Proposing alternative after-lives for costumes of the dance stage
About
Dance performances leave behind potent remains in the form of their costumes. These remnants haunt the stage, both evoking the magic of performance, and heralding its death in their failure to wholly reconstitute it. Traditional archival practices entomb these garments in protected conditions, ensuring their physical survival, whilst also perpetuating an existence which is detached from the performance in which they came to life. Placing the vast costume archive of pioneering British choreographer Lea Anderson at its heart, this project seeks to utilise the ‘problems’ of the costume archive as a site for invention, and aims to create an alternative after-life for a selection of the costumes. The research will provide much needed scholarship on costuming within contemporary dance. It seeks to provide strategies for thinking around costume and design-led choreography which are specific to the field, establishing an appraisal of the interactions between costume and the dancing body.
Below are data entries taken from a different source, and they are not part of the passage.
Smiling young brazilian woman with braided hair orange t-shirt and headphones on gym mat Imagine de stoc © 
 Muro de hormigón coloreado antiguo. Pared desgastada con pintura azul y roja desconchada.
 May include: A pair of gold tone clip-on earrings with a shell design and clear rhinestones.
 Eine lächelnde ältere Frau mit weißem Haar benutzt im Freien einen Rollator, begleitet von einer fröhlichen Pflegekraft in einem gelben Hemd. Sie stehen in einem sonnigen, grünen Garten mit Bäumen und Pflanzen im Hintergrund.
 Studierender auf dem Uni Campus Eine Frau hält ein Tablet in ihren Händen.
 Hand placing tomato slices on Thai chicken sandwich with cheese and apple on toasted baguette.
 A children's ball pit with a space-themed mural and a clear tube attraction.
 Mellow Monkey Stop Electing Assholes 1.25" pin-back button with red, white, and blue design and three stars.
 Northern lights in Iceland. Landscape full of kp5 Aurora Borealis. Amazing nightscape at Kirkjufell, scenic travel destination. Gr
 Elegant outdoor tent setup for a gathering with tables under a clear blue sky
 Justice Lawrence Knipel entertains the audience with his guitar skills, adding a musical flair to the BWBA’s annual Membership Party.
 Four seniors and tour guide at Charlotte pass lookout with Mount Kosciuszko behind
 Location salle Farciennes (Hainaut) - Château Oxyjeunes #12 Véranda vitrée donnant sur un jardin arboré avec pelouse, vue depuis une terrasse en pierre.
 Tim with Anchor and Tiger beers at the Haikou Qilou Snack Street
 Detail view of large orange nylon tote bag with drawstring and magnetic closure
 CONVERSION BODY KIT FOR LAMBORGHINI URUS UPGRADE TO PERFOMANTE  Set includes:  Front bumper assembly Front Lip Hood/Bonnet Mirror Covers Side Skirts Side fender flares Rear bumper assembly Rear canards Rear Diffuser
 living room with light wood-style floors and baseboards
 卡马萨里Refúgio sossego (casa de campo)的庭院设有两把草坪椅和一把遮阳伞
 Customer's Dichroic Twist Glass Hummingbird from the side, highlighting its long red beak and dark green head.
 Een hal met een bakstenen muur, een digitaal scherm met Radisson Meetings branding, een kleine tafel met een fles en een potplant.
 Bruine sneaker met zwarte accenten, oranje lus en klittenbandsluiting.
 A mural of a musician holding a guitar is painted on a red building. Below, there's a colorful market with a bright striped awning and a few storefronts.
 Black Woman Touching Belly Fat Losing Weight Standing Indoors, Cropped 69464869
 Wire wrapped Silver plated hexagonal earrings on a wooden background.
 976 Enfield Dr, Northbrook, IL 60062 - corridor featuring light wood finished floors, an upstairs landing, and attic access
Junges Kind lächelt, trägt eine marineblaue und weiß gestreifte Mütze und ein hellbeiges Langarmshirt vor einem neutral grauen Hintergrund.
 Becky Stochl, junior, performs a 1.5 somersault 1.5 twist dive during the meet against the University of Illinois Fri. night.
It will thus provide a valuable contribution to costume and dance scholarship more broadly. Drawing on primary sources including interviews, design sketchbooks, and the costumes themselves, the research will employ a multidisciplinary approach to situate and document key works from Anderson’s catalogue of performances within appropriate theoretical frameworks. These strands of research will culminate in the creation of alternative archive objects which may comprise elements such as images, text, film and interview, which will be drawn together and housed within a widely accessible virtual archive resource. Thus the work of this important figure in contemporary dance will be appropriately documented and the fabric ghosts of her performances will continue to dance beyond curtain-down. This project utilises the rich opportunities for collaboration and interdisciplinary research within TECHNE, building on existing individual and institutional links which have led to this project.